Different defenses work at different attack phases. API owners should use multiple layers to cover all phases.
Practical Checklist for API Owners
Here are specific steps you can take to protect your LLM API:
- Do not expose logits or token probabilities unless absolutely necessary. Return only final text.
- Set rate limits for all users. Use stricter limits for free or new accounts.
- Log all queries with metadata: user ID, timestamp, query length, response length, IP address.
- Monitor query diversity per user. Flag accounts that send queries on many unrelated topics in a short time.
- Track prompt similarity. If a user sends many nearly identical prompts, investigate.
- Measure output entropy. Very low entropy (repetitive outputs) may signal automated extraction.
- Watch for burst patterns. Attackers often send queries in bursts to maximize speed.
- Use account verification. Require email, phone, or payment method. This makes it harder to create many accounts.
- Implement anomaly detection. Use machine learning to find unusual behavior. Update your models regularly.
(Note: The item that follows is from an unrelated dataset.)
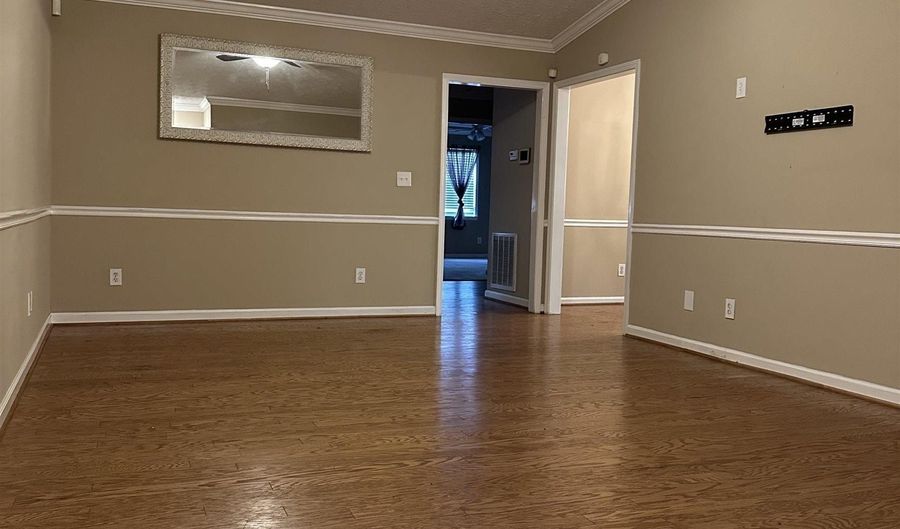 414 LEIGHTON Ave, Anniston, AL 36207 - 2 Beds, 2 Bath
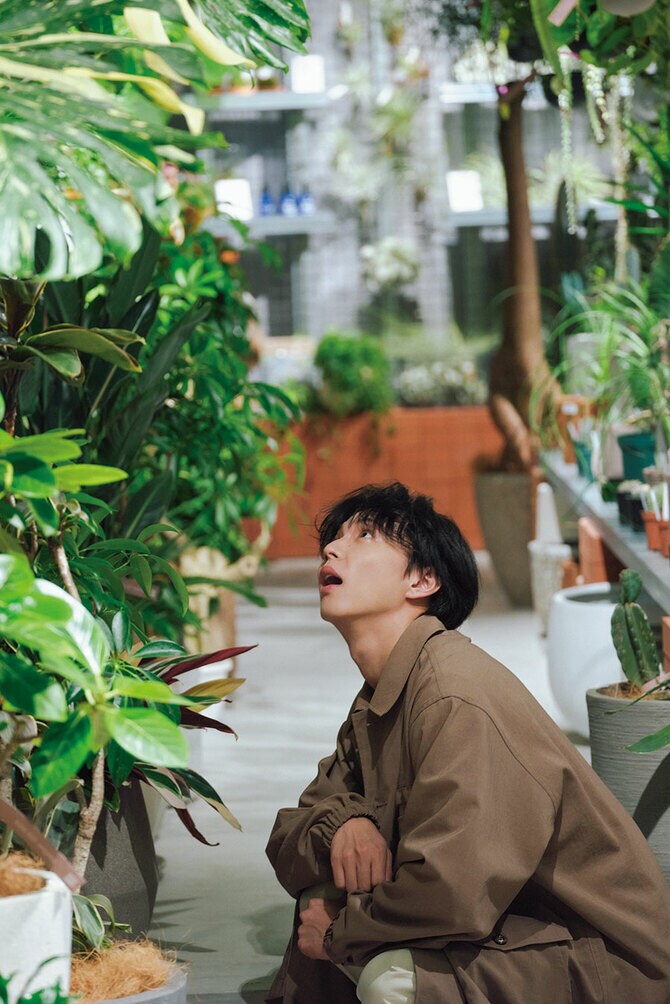 2ページ目)「世界さんと僕の関係性をイメージ」FANTASTICS・佐藤大樹が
- Consider watermarking. Embed hidden patterns in outputs. Test that watermarks do not hurt quality.
- Review your terms of service. Make it clear that model extraction is forbidden. This helps with legal action.
- Plan for false positives. Some legitimate users (researchers, power users) may trigger alerts. Have a process to review and whitelist them.
Privacy warning: Logging and monitoring can collect sensitive data. Follow privacy laws. Tell users what you log. Give users control over their data.
References (arXiv)
Tramèr, F., Zhang, F., Juels, A., Reiter, M. K., & Ristenpart, T. (2016). Stealing Machine Learning Models via Prediction APIs. arXiv:1609.02943. https://arxiv.org/abs/1609.02943
Orekondy, T., Schiele, B., & Fritz, M. (2018). Knockoff Nets: Stealing Functionality of Black-Box Models. arXiv:1812.02766. https://arxiv.org/abs/1812.02766
Juuti, M., Szyller, S., Marchal, S., & Asokan, N. (2018). PRADA: Protecting against DNN Model Stealing Attacks. arXiv:1805.02628. https://arxiv.org/abs/1805.02628
Szyller, S., Atli, B. G., Marchal, S., & Asokan, N. (2019). DAWN: Dynamic Adversarial Watermarking of Neural Networks. arXiv:1906.00830. https://arxiv.org/abs/1906.00830
Carlini, N., Jagielski, M., Choquette-Choo, C. A., Paleka, D., Pearce, W., Anderson, H., Terzis, A., Thomas, K., & Tramèr, F. (2024). Stealing Part of a Production Language Model. arXiv:2403.06634. https://arxiv.org/abs/2403.06634
Zhang, Y., Gao, R., Huang, J., & Xu, Q. (2025). A Survey on Model Extraction Attacks and Defenses for Large Language Models. arXiv:2506.22521. https://arxiv.org/abs/2506.22521
Hinton, G., Vinyals, O., & Dean, J. (2015). Distilling the Knowledge in a Neural Network. arXiv:1503.02531. https://arxiv.org/abs/1503.02531
Conclusion: Distillation attacks are a real threat to LLM APIs. Attackers can copy expensive models using only black-box access. API owners must use multiple defenses: output restrictions, rate limits, monitoring, and watermarking. No defense is perfect. But layers of protection make attacks harder and more expensive. Stay informed about new attack methods. Update your defenses regularly.